Network call listeners are only available in the background process. If you have specified a background script in your manifest. Add the following listeners to it.

function requestHandler(req){
  console.log(req);
}
function setListeners() {
  chrome.webRequest.onBeforeSendHeaders.addListener(requestHandler,
                                                    {urls: ["<all_urls>"]},
                                                    ["requestHeaders"]);
  chrome.webRequest.onBeforeRequest.addListener(requestHandler,
                                                {urls: ["<all_urls>"]},
                                                ['requestBody']);
  chrome.webRequest.onCompleted.addListener(requestHandler,
                                           {urls: ["<all_urls>"]});
}
function removeListeners() {
  chrome.webRequest.onBeforeSendHeaders.removeListener(requestHandler);
  chrome.webRequest.onBeforeRequest.removeListener(requestHandler);
  chrome.webRequest.onCompleted.removeListener(requestHandler);
}

Okay, great. Time to go into some details. While there are several events in the web requests API that you can listen to, these seem to be the most important.

  • onBeforeSendHeaders is needed to know the request beginning. The request headers are provided to you only if you ask for them (notice requestHeaders in the listener).
  • beforeRequest is needed to know the POST data, which is only provided if you ask for it (notice requestBody in the listener).
  • onCompleted is needed for response status.

In case you don't want to perenially observer all network calls you can invokeremoveListeners to delete the listeners we have set.
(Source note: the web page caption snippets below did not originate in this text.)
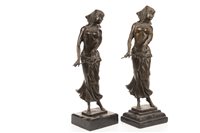 Lot 1819 - A LOT OF TWO BRONZE FIGURES OF SEMI-CLAD FEMALE DANCERS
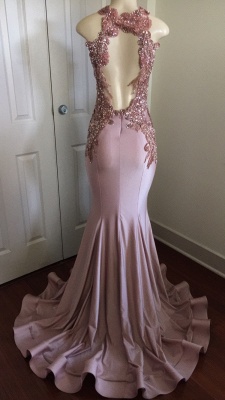 Pink Sleeveless Mermaid Prom Dresses  | Open Back Beads Crystals Appliques Evening Gown BA8042_4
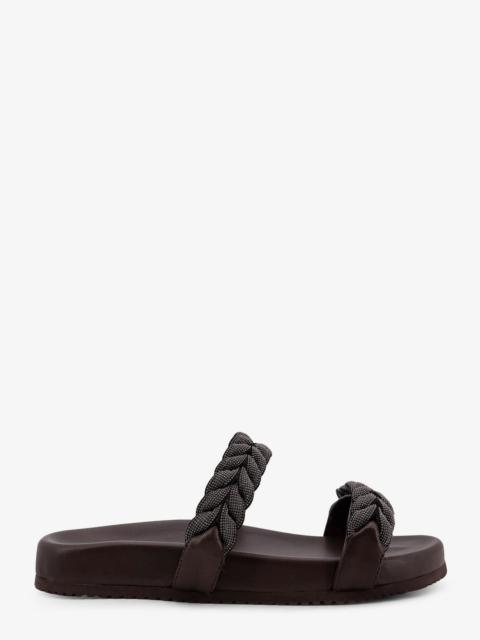 Brunello Cucinelli Brunello Cucinelli Leather Sandals With Woven Monili Detail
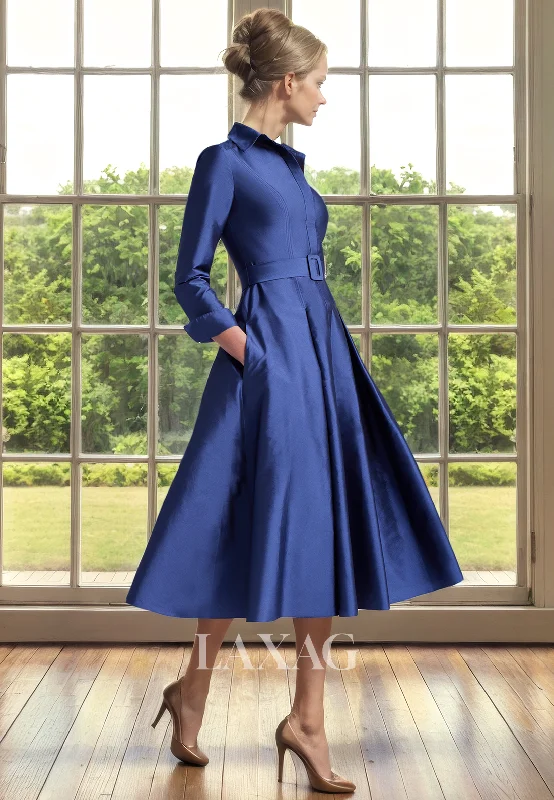 intricate wedding dressesA-Line V-Neck Quarter Sleeves Sleek Satin Ankle-Length Mother of the Bride Dress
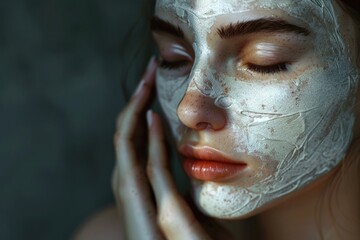 Poster - Close up of a woman wearing a face mask, suitable for healthcare concepts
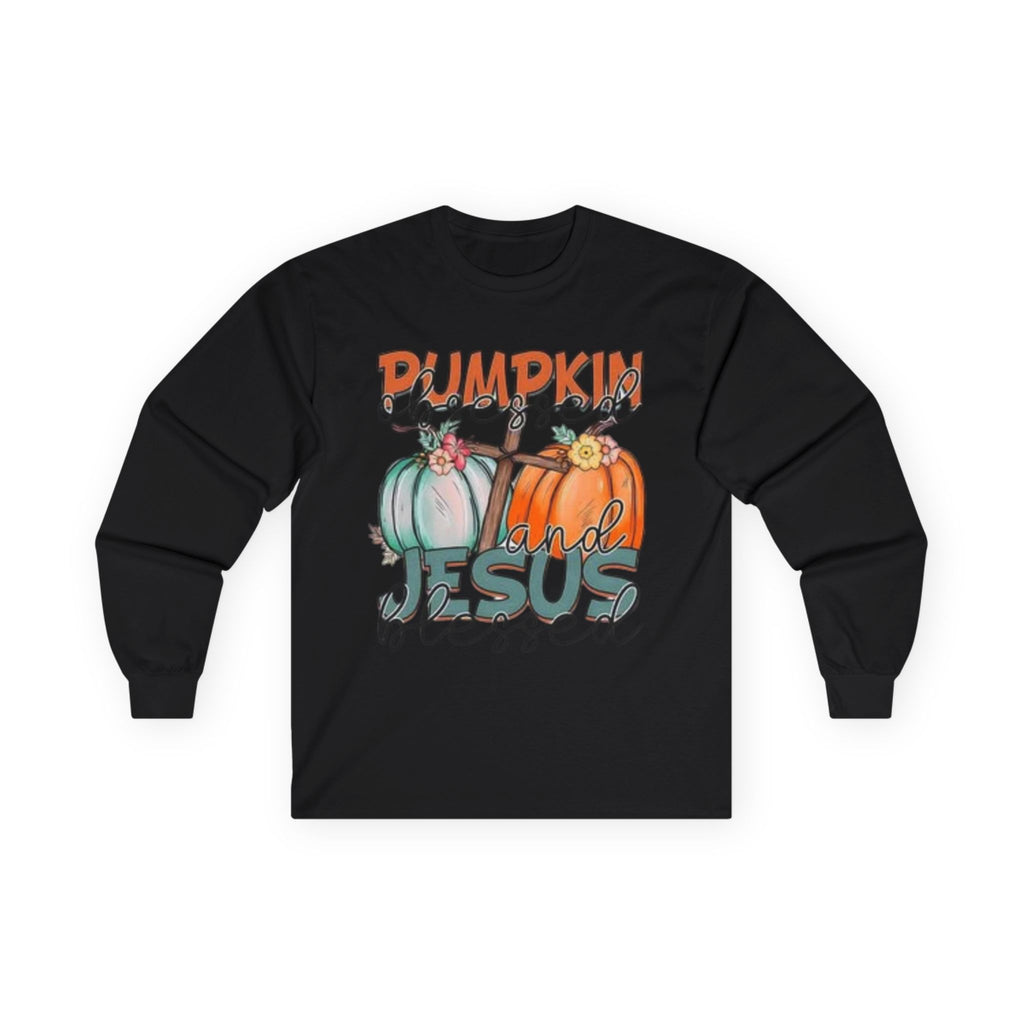 Pumpkin and Jesus Long Sleeve Tee, Fall Apparel, Unisex T-Shirt, Thanksgiving Shirt, Christian Clothing, Autumn Wear, Seasonal Fashion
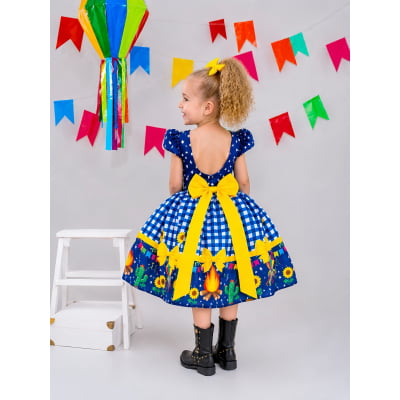 Vestido Infantil Junino Azul Xadrez Colorido Festa São João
To undestand the events and the listeners in greater depth do go over the API doc.

Reading POST data

Unfortunately, the simple listener we used for onBeforeRequest is not able to parse requestBody when its sent as raw bytes. The solution as per this stackoverflow thread is to parse the raw bytes as follows

function onBeforeRequestHandler(req) {
  if (req.requestBody && req.requestBody.raw) {
    var requestBody = req.requestBody.raw.map(function(data) {
      return decodeURIComponent(String.fromCharCode.apply(null, new Uint8Array(data.bytes)));
    }).join('')
  }
}
Visualizing Requests

In case you want to visualize these requests, you will have to create a runtime connection and send these requests as a message to the scripts handling your visible layers. You can store a runtime communication port in your background listener as follows

browser.runtime.onConnect.addListener(function(m) {
  port = m;
}

and then use this port to send the requests you have logged by adding the following in your listener functions.

port.postMessage({'type' : type , 'request' : req})

And that's it. This should let you get started with listening and visualizing all the network requests.